如何在R中将数据分割成几段? [英] How to cut data in even pieces in R?
问题描述
问题出在这里:我有一个数据集,例如:
Here is the problem: I have a dataset, let's say:
a <- c(0,0,0,0,1,1,1,1,1,1)
我想剪掉它切成均匀的碎片(例如5件)。问题是我无法使用分位数或剪切,因为某些值会重复,因此无法设置不同的断点。
I want to cut it into even pieces (e.g. 5 pieces ). The problem is I cannot use quantiles or cut because some values repeat, so you cannot set distinct breakpoints.
> quantile(a)
0% 25% 50% 75% 100%
0 0 1 1 1
(重复的断点)
> cut(a, 5)
[1] (-0.001,0.199] (-0.001,0.199] (-0.001,0.199] (-0.001,0.199] (0.801,1]

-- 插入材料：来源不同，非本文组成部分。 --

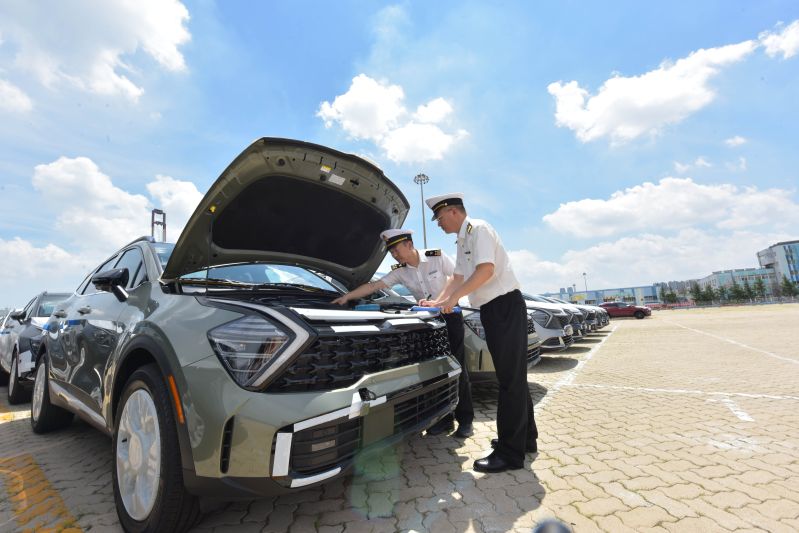 煙臺(tái)港商品車(chē)國(guó)際轉(zhuǎn)運(yùn)量增長(zhǎng)近五成（圖）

[6] (0.801,1] (0.801,1] (0.801,1] (0.801,1] (0.801,1]
Levels: (-0.001,0.199] (0.199,0.4] (0.4,0.6] (0.6,0.801] (0.801,1]
(仅使用两个级别)
我知道我可以产生这样的向量:
I know I can produce a vector like this:
b <- c(1,1,2,2,3,3,4,4,5,5)
并将其用于采样或者我可以使用for循环和计数实例,但这需要循环和一些笨拙的编码。我正在寻找一种简单高效的(R样式)函数,其功能要比这更好。
and use it for sampling. Or I can use for loop and count instances. But this needs loops and some clumsy coding. I am looking for a simple and efficient (R-style) function that does better than this.
(我可以编写它,但我不想重新发明轮子。)
(I can write it but I don't want to reinvent the wheel.)
推荐答案
您可以使用 cut
,但必须在向量的数字索引上使用它,即 seq(a)
,而不是向量本身。
You can use cut
, but you have to use it on the numerical indices of the vector, i.e., seq(a)
, not the vector itself.
然后将向量分成等长的 split
:
Then you split the vector into pieces of equal length with split
:
split(a, cut(seq(a), 5, labels = FALSE))
这将返回五个短向量的列表。
This returns a list of five short vectors.
另一种没有切割
的方式是
split(a, rep(seq(5), each = length(a) / 5))
这篇关于如何在R中将数据分割成几段?的文章就介绍到这了,希望我们推荐的答案对大家有所帮助,也希望大家多多支持IT屋!